Título: De volta a Honduras, Zelaya se refugia na Embaixada do Brasil
Autor: Balthazar , Ricardo
Fonte: Valor Econômico, 22/09/2009, Interrnacional, p. A13
O presidente de Honduras, Manuel Zelaya, deposto por militares em junho, voltou ontem ao país e se refugiou na Embaixada do Brasil na capital, Tegucigalpa. O governo não dá sinais de que aceita o retorno e decretou toque de recolher entre as 16 horas de ontem e as 6 horas de hoje, após manifestantes saíram às ruas em apoio a Zelaya. Não está claro quais serão os próximos passos do presidente, mas sua volta após quase três meses de exílio eleva a tensão no país.

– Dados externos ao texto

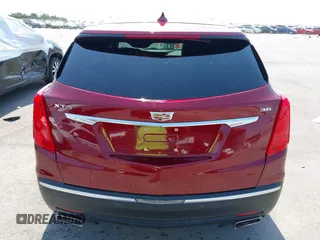 2017 Cadillac XT5 Luxury FWD z VIN 1GYKNBRS4HZ151581, wystawiony jako IAAI lot #42043322 z przebiegiem 120 598 mil mil oraz . Historia ofert i sprzedaży dostępna na DreamBid. Obrazek 17.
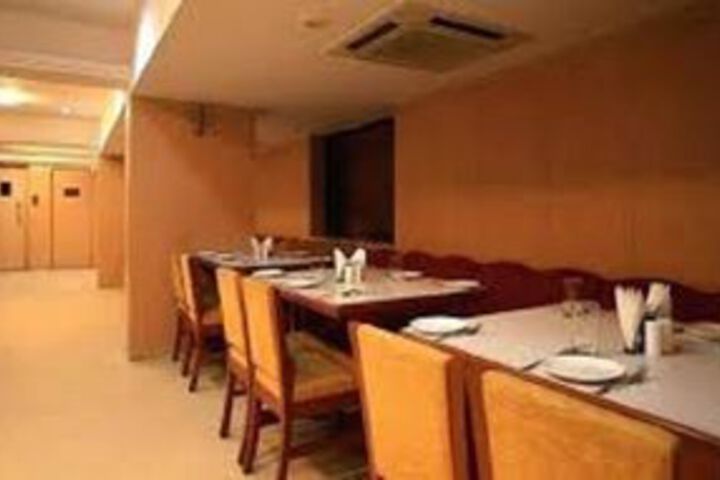 Dining 3 of 23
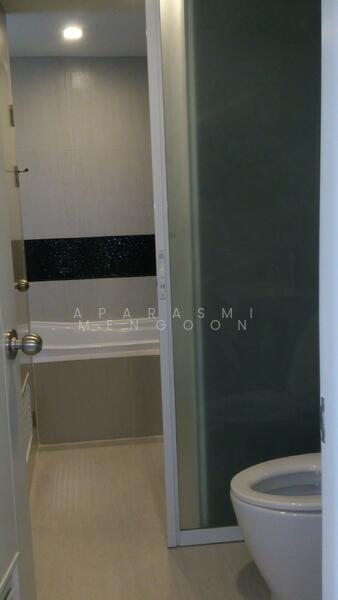 Tree Condo Ekamai, Bangkok, Soi Samanand, Rama 4 Road, Phra Kanong, Khlong Toei, Bangkok, 1 Bedroom, 40 sqm, Condo For Rent, by Aparasmi Mengoon, 500136677 - DDproperty.com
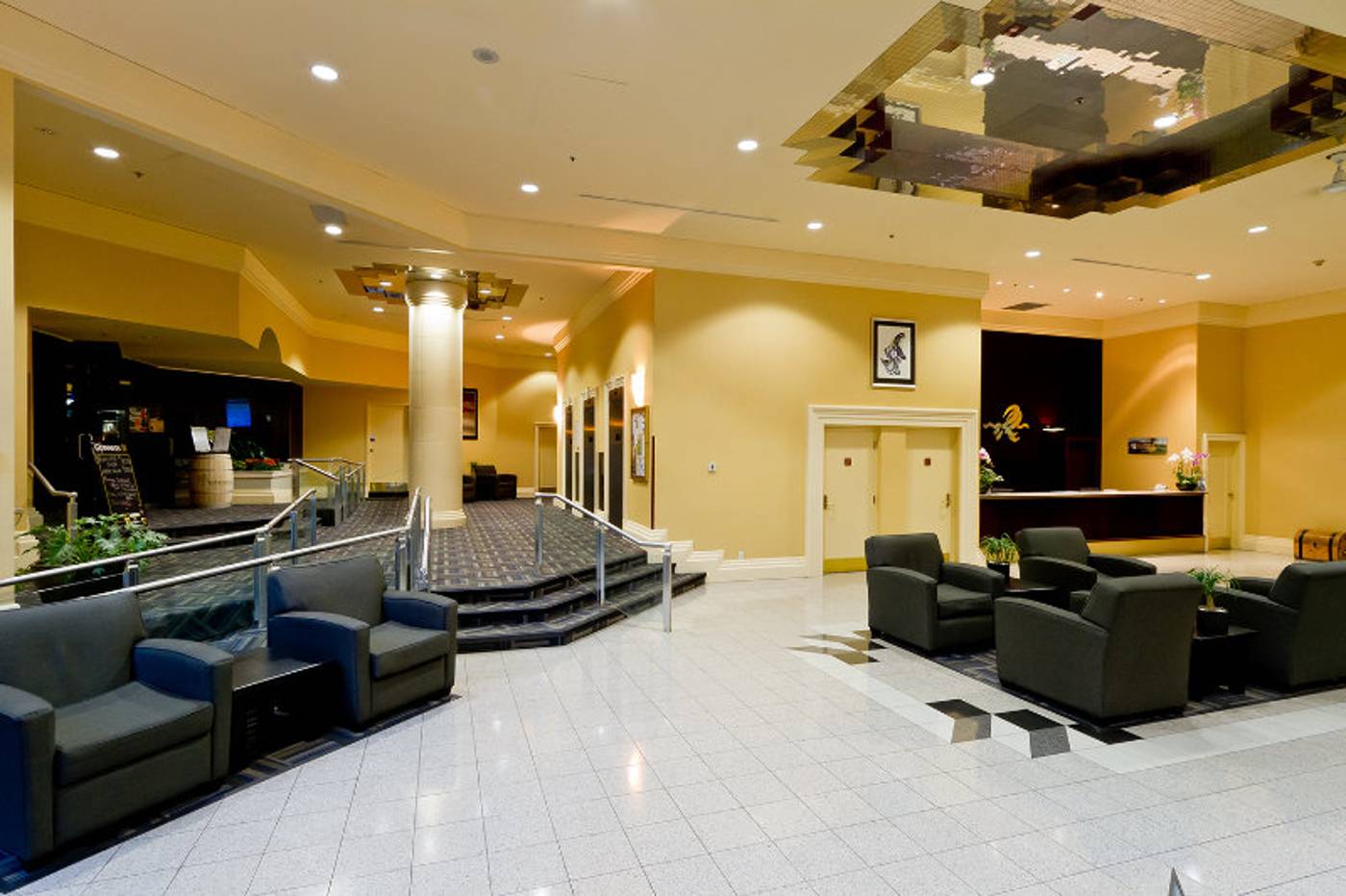 Rosedale-On-Robson-Suites-Hotel-Lobby-5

Organizações que reúnem simpatizantes de Zelaya anunciaram que estão organizando uma marcha do norte do país até Tegucigalpa, onde pretendem chegar entre hoje e amanhã.
O Brasil assumiu um papel central na crise de Honduras ao dar abrigo a Zelaya, horas depois de ele ter voltado ao país. A decisão abre uma nova etapa na crise hondurenha. A presença de Zelaya na capital tende a ampliar as pressões que o governo do presidente interino Roberto Micheletti tem recebido da comunidade internacional para negociar uma saída para a crise e devolver o cargo a Zelaya.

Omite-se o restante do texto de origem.